Employee personally identifiable information (PII) is filled with critically private and personal information, such as financial information, healthcare information if provided by the employer, pay stubs, addresses and phone numbers, and more, so it should always be destroyed with the utmost care.
Before we get to how not to destroy these types of files, it’s important we discuss how long you should keep them for. When it comes to personnel records, retention periods can vary. For instance, the Department of Labor Correspondence and the Internal Revenue Service (IRS) require any financial statements, documents from the IRS and Department of Labor Correspondence themselves, and plan and trust agreements to be kept three to four years, or even longer depending on the case.

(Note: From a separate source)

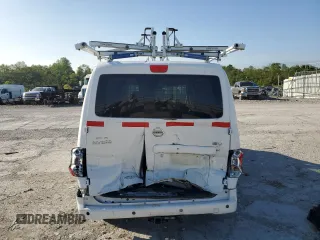 2016 Nissan NV200 S with VIN 3N6CM0KN2GK695074, listed as a Copart auction lot 55916625 with 134,550 mi miles and Salvage title. Bid and sale history available at DreamBid. Image 6.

However, when it comes to normal employee files, applications, contracts, and other employee personal information, they should be kept for two to three years from the date of termination. What about their compensation documentation? Keep these on file for three to five years from the termination. (This is important to remember!)
Now, let’s get to the fun part – the destruction!
While ripping paper into confetti-sized pieces can be a great way to relieve some stress, we don’t necessarily recommend this tactic when getting rid of your most recent fire’s employee file. Even if you weren’t too crazy about your coworker, if not destroyed with high security end-of-life destruction equipment, their information could easily fall into the wrong hands, and your coworker could be the next to fall victim to identity theft – which nobody deserves. Don’t believe us? Take for instance the DARPA Shredder Challenge, where people quite literally competed to reassemble 10,000 shred particles for a large grand monetary prize. While the average person would much rather do anything else than spend 600 hours putting shred pieces back together, the same cannot be said for hackers and thieves; if it’s going to grant them access to your most sensitive information, then chances are they will rise to the occasion!
Recycling and/or Throwing Away
While we support the green initiative in wanting to recycle end-of-life PII documents, unfortunately this isn’t possible. Again, if it’s not a good idea to rip up your employee’s files, it’s not safe to simply throw it out or recycle. Sadly, the majority of our waste and recycling ends up in landfills and dumpsters which are typically gold mines for hackers and thieves. In addition, recycling and waste are not always transported securely, which makes it easy for people to intercept and have access to your most private and identifiable information.
It is always best to err on the side of caution when it comes to end-of-life data destruction. When it comes to specifically destroying employee files, it is best practice to use a secure, in-house method, like our Model 244/4 high security paper shredder.
The Model 244/4 is our most popular high security paper shredder. Why? This solution is NSA evaluated and listed by the NSA/CSS EPL and meets DIN 66399 Level P-7 standards. Our 244/4 provides a rugged performance with an NSA one hour durability of 17 reams per hour while encased in a quiet system, making it the perfect choice for small or mid-size department use.
Want even more security? Our Model 344 offers an even more secure shred size than the current mandate for the National Security Agency (NSA) requires. We like to call the 344’s final particle size as P-7+. This device is the only high security paper shredder on the market that offers a particle size of 0.8mm x 2.5mm (that is 50% smaller than the current National Security Agency requirement!)
By adopting a shredding policy, you are making the most cost-effective, safe, and secure decision to take preventative measures to ensure that your past and current end-of-life employee information does not fall into the wrong hands.